_Task prompt_: Every record below is to be retyped exactly, with any pictures left out.

Information shown START

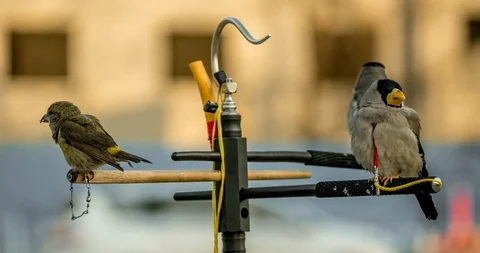 Locked bird 4K Stock Footage 115125534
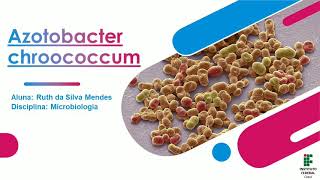 Azotobacter chroococcum [upl. by Deming]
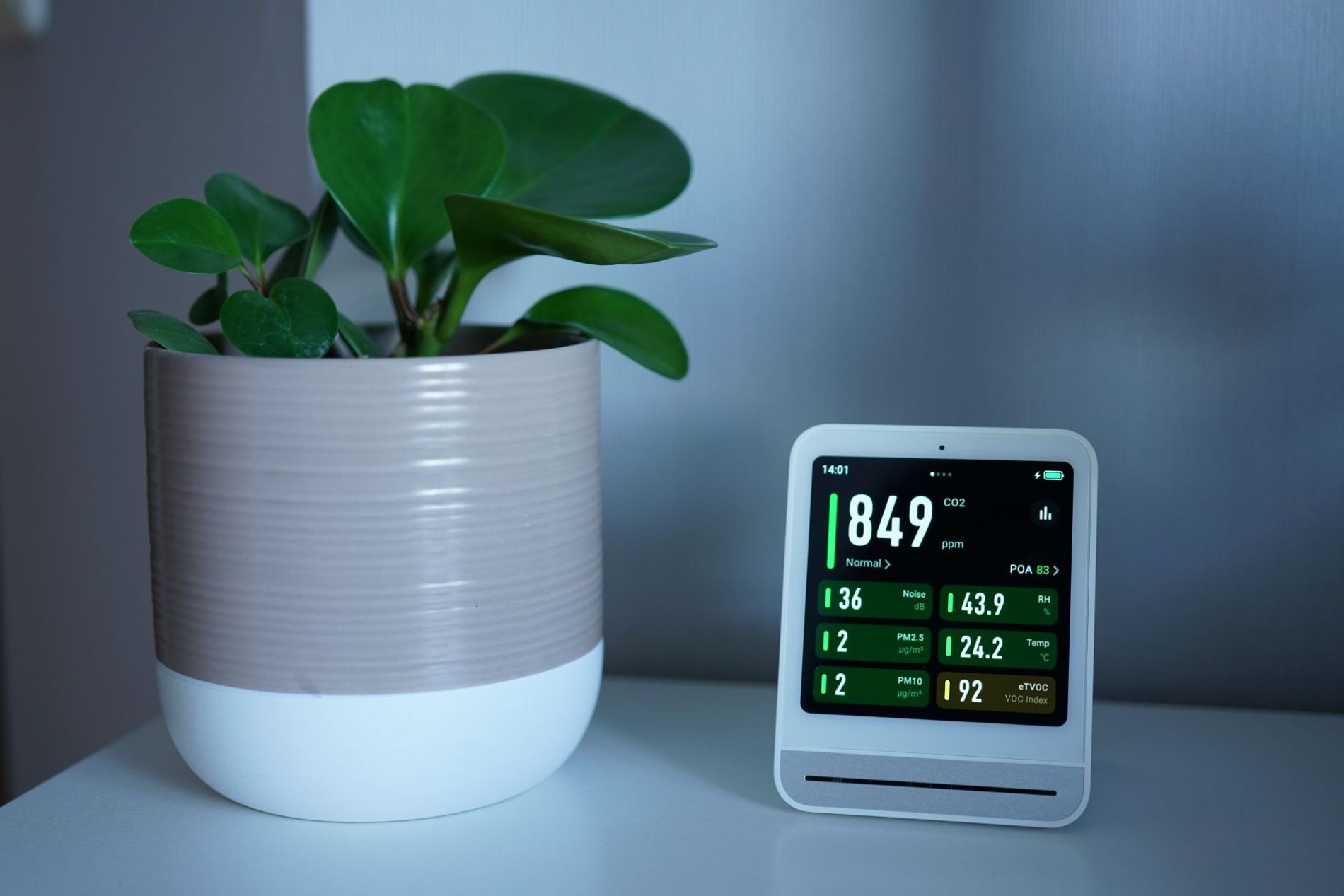 Featured image for The Ideal Indoor Air Quality for a Healthy & Safe Home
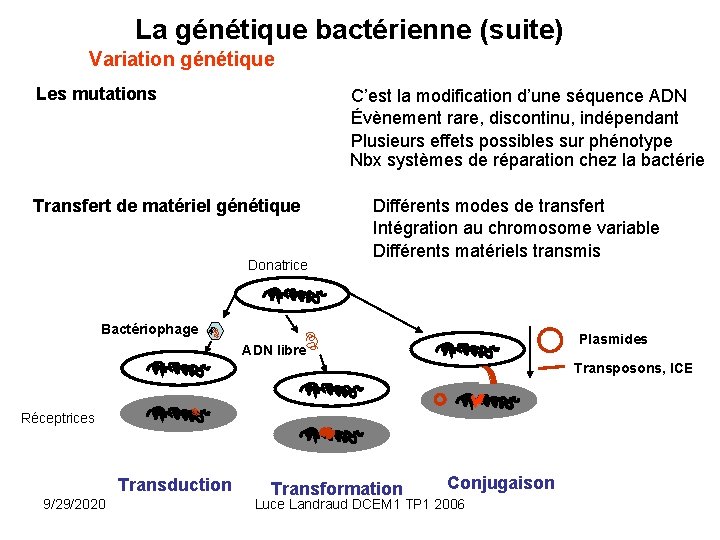 La génétique bactérienne (suite) Variation génétique Les mutations C’est la modification d’une séquence ADN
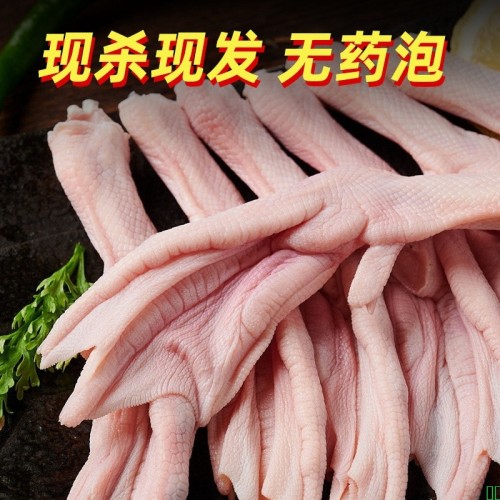 鸭掌生鲜大号鸭爪冷冻批发鸭脚生带皮商用家用一件包邮厂家直销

Information shown END

_Solution for this exercise_:
 Locked bird 4K Stock Footage 115125534
 Azotobacter chroococcum [upl. by Deming]
 Featured image for The Ideal Indoor Air Quality for a Healthy & Safe Home
 La génétique bactérienne (suite) Variation génétique Les mutations C’est la modification d’une séquence ADN
 鸭掌生鲜大号鸭爪冷冻批发鸭脚生带皮商用家用一件包邮厂家直销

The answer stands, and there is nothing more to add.